AMC and Cinemark both acknowledged investigative demands by the government in recent SEC quarterly filings.
Last month, AMC also acknowledged similar requests from Ohio, Florida, Kansas, New York, Texas, Washington and the District of Columbia.
The government wants documents related to potentially anticompetitive conduct, "including film clearances and participation in certain joint ventures," AMC said in a Nov. 4 SEC filing. The company said it may receive similar requests from other jurisdictions.
"The Company does not believe it has violated federal or state antitrust laws and is cooperating with the relevant governmental authorities," AMC said in the SEC filing.
The Justice Department declined to comment.
Ohio Attorney General Mike DeWine said Thursday his office was the first among 10 jurisdictions examining whether AMC, Cinemark and Regal have taken action to keep competitors and new theaters out of the market.

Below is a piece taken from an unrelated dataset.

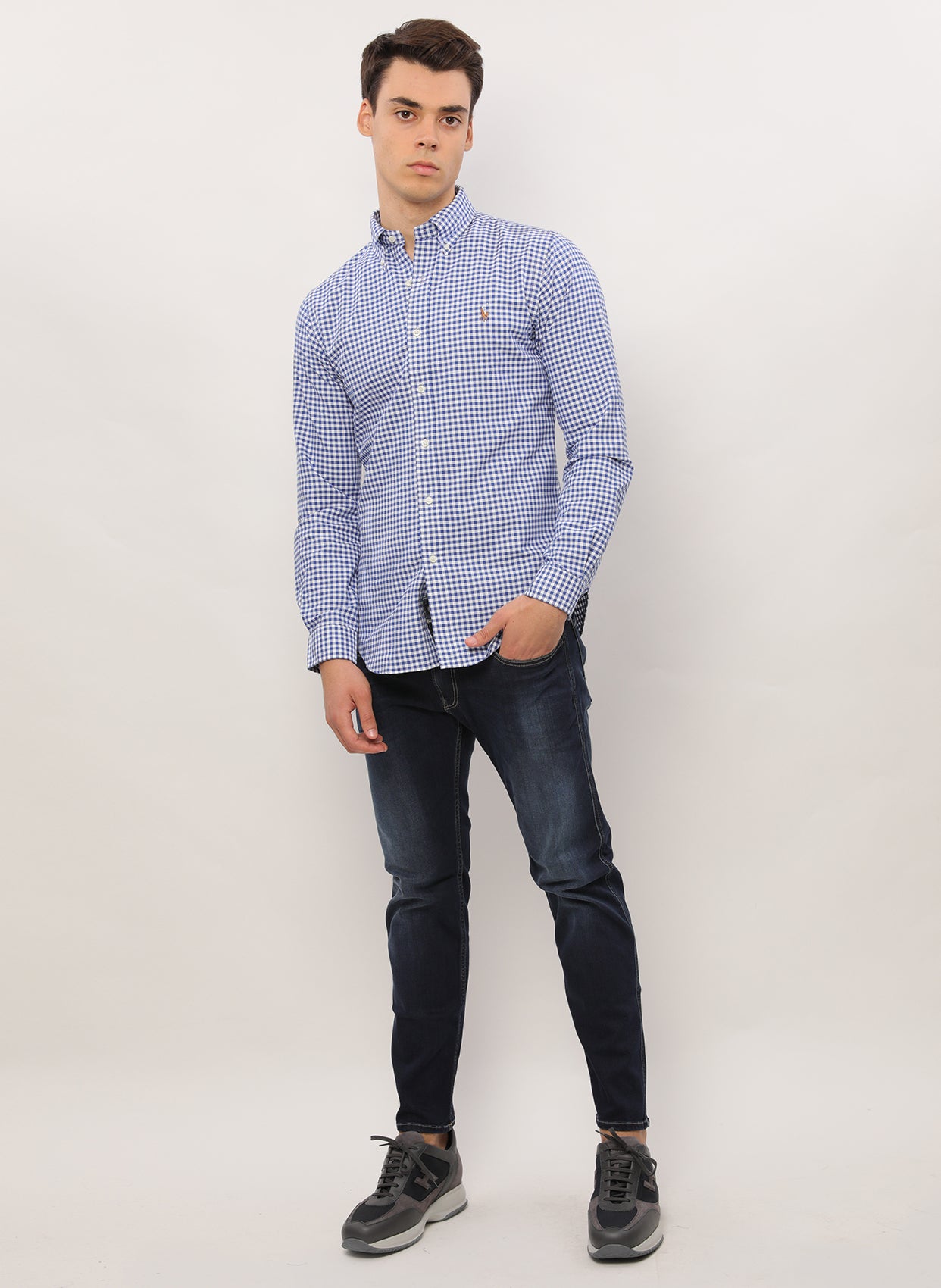 Polo Ralph Lauren Slim Fit Gömlek-Libas Trendy Fashion Store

At issue is so-called exclusionary conduct by AMC, Cinemark and Regal that would limit consumers' choices and stifle innovation, DeWine said. The investigation is looking at whether the chains have tried to thwart independent movie theaters and nonprofit film centers, among others, said DeWine spokesman Dan Tierney.
"All businesses should have a fair chance to compete," DeWine said. "We're investigating the movie theater chains because of concerns that smaller, independent businesses have been unfairly pushed out of the market."
Messages seeking comment were left with Leawood, Kansas-based AMC Entertainment Holdings Inc.; Plano, Texas-based Cinemark Holdings Inc.; and Knoxville, Tennessee-based Regal Entertainment Group.